══ Extracted material ══

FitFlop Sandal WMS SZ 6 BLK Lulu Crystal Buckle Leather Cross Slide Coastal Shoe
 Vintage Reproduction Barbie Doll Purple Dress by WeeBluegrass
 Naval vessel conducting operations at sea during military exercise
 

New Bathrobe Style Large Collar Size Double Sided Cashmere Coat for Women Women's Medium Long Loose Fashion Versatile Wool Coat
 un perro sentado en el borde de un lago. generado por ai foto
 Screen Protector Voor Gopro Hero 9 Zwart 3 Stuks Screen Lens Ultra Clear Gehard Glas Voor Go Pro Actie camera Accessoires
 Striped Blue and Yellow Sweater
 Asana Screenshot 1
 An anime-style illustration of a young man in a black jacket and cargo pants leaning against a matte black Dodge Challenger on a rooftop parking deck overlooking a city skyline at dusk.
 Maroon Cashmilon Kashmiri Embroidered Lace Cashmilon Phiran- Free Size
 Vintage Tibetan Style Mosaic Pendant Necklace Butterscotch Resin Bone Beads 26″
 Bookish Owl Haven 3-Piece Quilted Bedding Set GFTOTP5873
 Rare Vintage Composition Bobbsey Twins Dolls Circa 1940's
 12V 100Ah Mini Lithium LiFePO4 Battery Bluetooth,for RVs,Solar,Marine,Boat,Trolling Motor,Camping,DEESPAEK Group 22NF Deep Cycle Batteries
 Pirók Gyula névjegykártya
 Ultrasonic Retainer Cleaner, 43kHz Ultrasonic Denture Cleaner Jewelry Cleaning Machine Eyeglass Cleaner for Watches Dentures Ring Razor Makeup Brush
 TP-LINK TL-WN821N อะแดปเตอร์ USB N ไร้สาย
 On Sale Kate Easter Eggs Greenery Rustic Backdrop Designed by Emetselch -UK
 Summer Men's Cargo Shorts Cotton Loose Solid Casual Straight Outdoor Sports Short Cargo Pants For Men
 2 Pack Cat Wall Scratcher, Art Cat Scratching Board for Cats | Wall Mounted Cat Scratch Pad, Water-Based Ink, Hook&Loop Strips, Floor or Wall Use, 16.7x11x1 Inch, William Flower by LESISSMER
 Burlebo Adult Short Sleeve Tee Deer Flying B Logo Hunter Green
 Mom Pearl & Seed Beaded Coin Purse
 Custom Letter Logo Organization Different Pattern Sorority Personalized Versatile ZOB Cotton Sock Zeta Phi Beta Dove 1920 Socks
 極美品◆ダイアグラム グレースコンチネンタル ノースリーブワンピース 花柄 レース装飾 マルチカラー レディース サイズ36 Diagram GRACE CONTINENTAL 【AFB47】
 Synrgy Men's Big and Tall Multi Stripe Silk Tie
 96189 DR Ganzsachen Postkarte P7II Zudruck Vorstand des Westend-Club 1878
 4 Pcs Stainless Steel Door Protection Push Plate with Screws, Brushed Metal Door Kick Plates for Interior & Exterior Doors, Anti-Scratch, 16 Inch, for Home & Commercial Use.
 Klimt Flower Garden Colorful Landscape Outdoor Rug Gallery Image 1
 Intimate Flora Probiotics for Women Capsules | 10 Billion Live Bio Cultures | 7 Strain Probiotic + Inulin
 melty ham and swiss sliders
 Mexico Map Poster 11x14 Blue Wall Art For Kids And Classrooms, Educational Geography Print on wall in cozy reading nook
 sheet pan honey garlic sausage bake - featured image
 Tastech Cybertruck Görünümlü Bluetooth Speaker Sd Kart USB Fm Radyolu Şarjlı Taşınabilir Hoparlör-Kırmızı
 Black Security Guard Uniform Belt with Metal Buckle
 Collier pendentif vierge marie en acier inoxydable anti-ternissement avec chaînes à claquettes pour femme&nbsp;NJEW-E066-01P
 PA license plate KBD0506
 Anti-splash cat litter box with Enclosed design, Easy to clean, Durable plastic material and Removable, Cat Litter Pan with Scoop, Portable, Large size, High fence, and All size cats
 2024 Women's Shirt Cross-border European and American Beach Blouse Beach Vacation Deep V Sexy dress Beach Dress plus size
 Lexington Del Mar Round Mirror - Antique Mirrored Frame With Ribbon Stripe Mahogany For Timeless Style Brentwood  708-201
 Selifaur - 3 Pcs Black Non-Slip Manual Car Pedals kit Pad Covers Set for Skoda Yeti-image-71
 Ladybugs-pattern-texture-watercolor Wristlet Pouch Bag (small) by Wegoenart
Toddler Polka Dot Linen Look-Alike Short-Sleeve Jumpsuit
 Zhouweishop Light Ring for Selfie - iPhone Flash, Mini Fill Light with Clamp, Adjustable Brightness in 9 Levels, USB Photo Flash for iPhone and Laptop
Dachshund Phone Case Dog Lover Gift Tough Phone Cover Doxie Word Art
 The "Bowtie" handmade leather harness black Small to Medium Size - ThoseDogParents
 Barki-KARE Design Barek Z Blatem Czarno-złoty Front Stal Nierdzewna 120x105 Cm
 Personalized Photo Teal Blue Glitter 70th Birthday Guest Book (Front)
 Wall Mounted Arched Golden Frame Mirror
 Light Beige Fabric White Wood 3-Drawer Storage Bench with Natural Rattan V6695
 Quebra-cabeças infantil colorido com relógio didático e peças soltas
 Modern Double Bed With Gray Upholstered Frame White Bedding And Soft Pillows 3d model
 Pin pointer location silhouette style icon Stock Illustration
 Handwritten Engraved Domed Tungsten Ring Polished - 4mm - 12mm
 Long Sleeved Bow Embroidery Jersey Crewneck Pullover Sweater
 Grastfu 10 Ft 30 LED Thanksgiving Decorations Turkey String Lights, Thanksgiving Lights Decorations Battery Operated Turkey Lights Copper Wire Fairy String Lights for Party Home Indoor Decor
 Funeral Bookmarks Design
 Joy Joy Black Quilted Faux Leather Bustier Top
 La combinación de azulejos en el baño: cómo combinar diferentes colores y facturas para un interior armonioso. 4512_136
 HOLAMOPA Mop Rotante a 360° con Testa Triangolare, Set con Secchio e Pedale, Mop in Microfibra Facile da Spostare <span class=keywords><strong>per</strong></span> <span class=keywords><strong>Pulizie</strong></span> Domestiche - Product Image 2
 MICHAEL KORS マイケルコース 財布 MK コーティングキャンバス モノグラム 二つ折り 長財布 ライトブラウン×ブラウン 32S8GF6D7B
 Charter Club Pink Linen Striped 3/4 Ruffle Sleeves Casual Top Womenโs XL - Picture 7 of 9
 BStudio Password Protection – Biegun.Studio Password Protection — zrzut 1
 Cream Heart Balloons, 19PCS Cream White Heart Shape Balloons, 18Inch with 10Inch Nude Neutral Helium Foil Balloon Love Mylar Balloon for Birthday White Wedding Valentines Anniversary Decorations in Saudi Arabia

═══

State the number of lines in the material above that hold the word "Quilted", adding nothing else.

2